[Excerpts from a dataset]
BEGIN
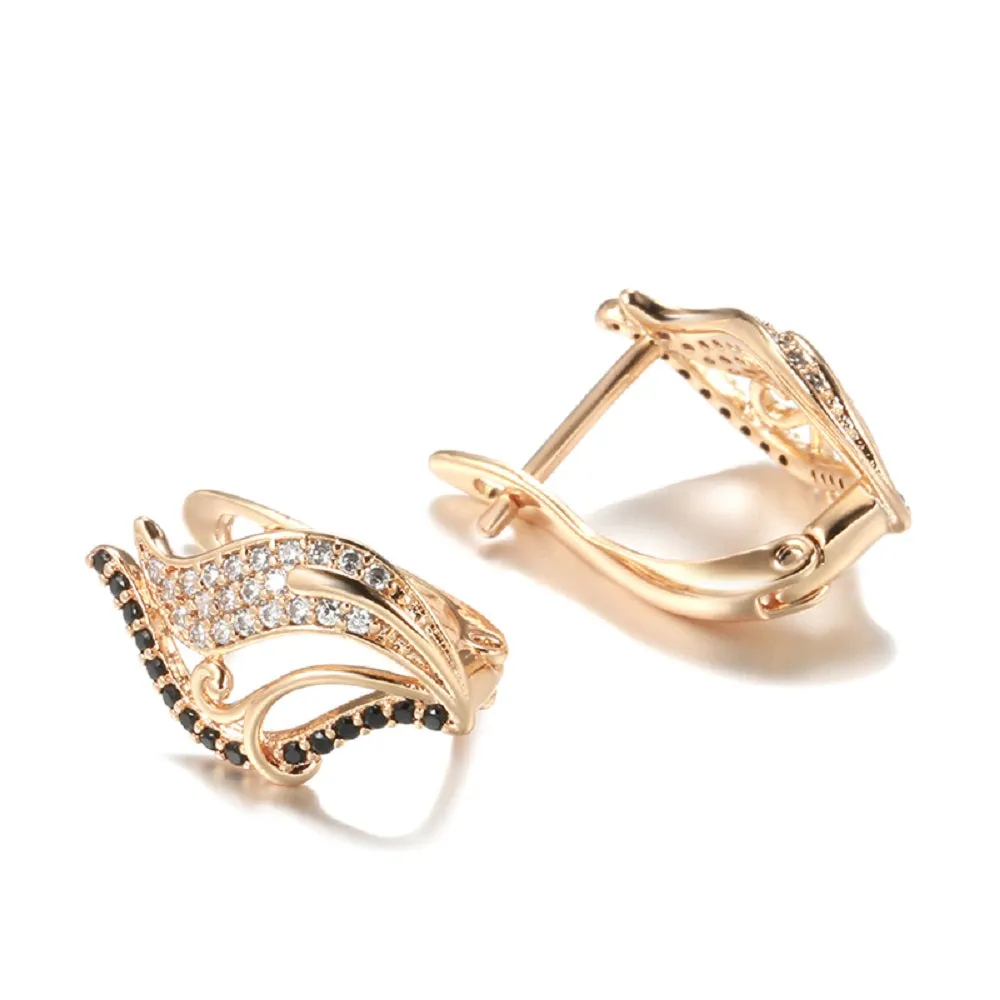 Ladies Rose Gold Curly Leaf Shape Natural Crystals Earrings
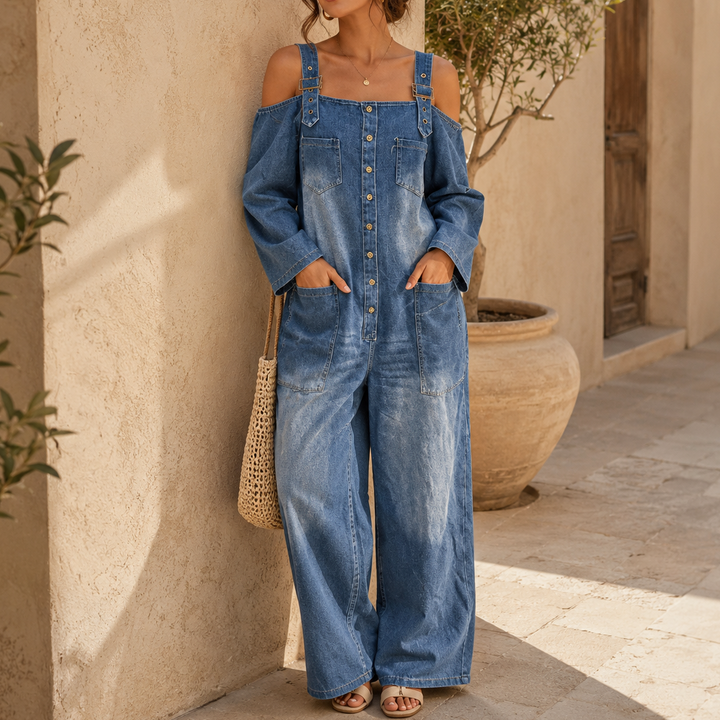 Wearbella – Ogrodniczki z szerokimi nogawkami i odkrytymi ramionami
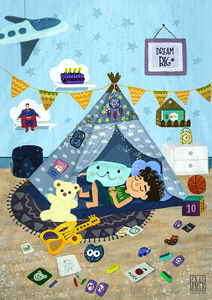 Teepee Time 2d art art colorful colors design flat illustration illustrator kids kids books photoshop room sketchbook sketching stories teepee texture time vector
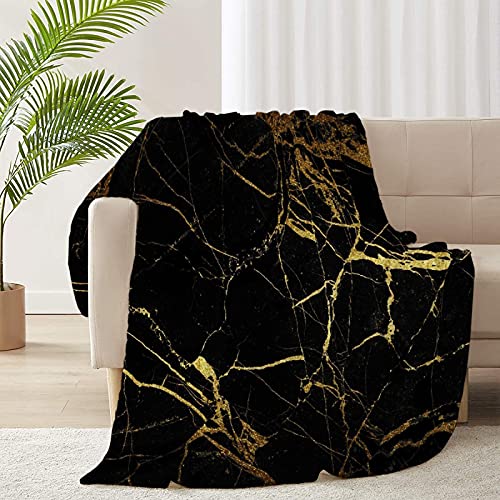 RICKYOUNG Black Gold Texture Pattern Giltter Marble Fleece Flannel Lightweight Blankets Plush Microfiber Bedding Throw Blanket for Couch and Bed 40"x30" for Pet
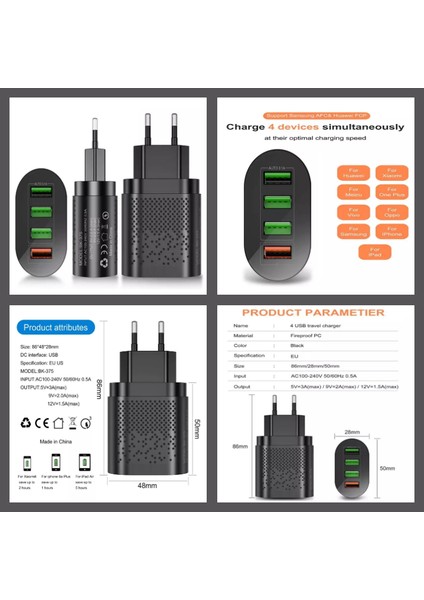 Z5 Çoklu Şarj Adaptörü + J8 Type-C 90 Derece 5A/100W Şarj Kablosu -2mt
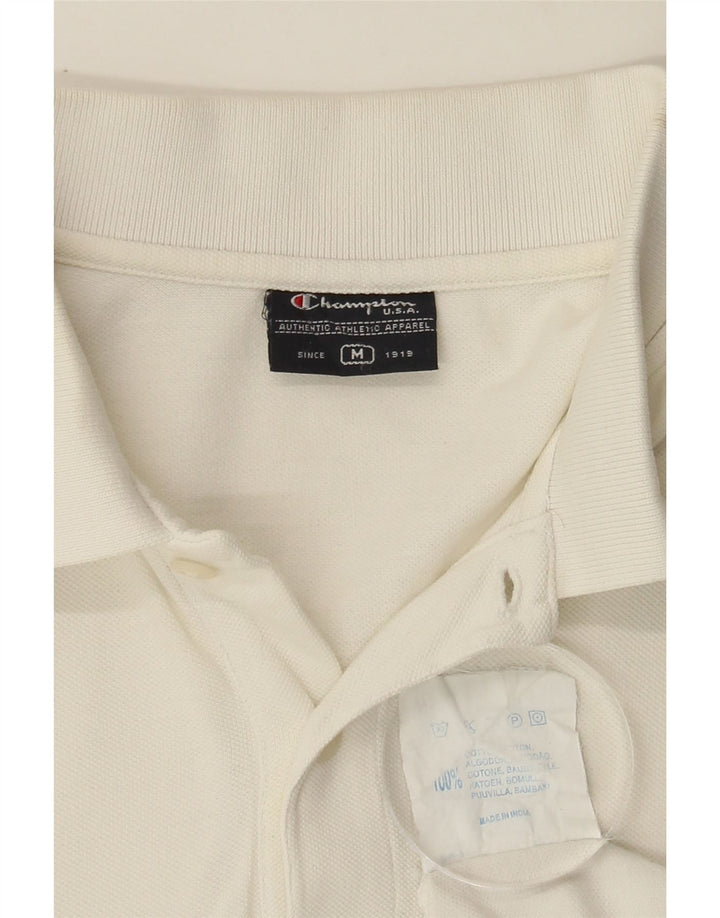 CHAMPION Mens Polo Shirt Medium White Cotton Vintage Champion and Second-Hand Champion from Messina Hembry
END
**WHAT YOU SHOULD DO**
Please print out the entries above exactly. The pictures stay out.

**EXERCISE OUTPUT**
 Ladies Rose Gold Curly Leaf Shape Natural Crystals Earrings
 Wearbella – Ogrodniczki z szerokimi nogawkami i odkrytymi ramionami
 Teepee Time 2d art art colorful colors design flat illustration illustrator kids kids books photoshop room sketchbook sketching stories teepee texture time vector
 RICKYOUNG Black Gold Texture Pattern Giltter Marble Fleece Flannel Lightweight Blankets Plush Microfiber Bedding Throw Blanket for Couch and Bed 40"x30" for Pet
 Z5 Çoklu Şarj Adaptörü + J8 Type-C 90 Derece 5A/100W Şarj Kablosu -2mt
 CHAMPION Mens Polo Shirt Medium White Cotton Vintage Champion and Second-Hand Champion from Messina Hembry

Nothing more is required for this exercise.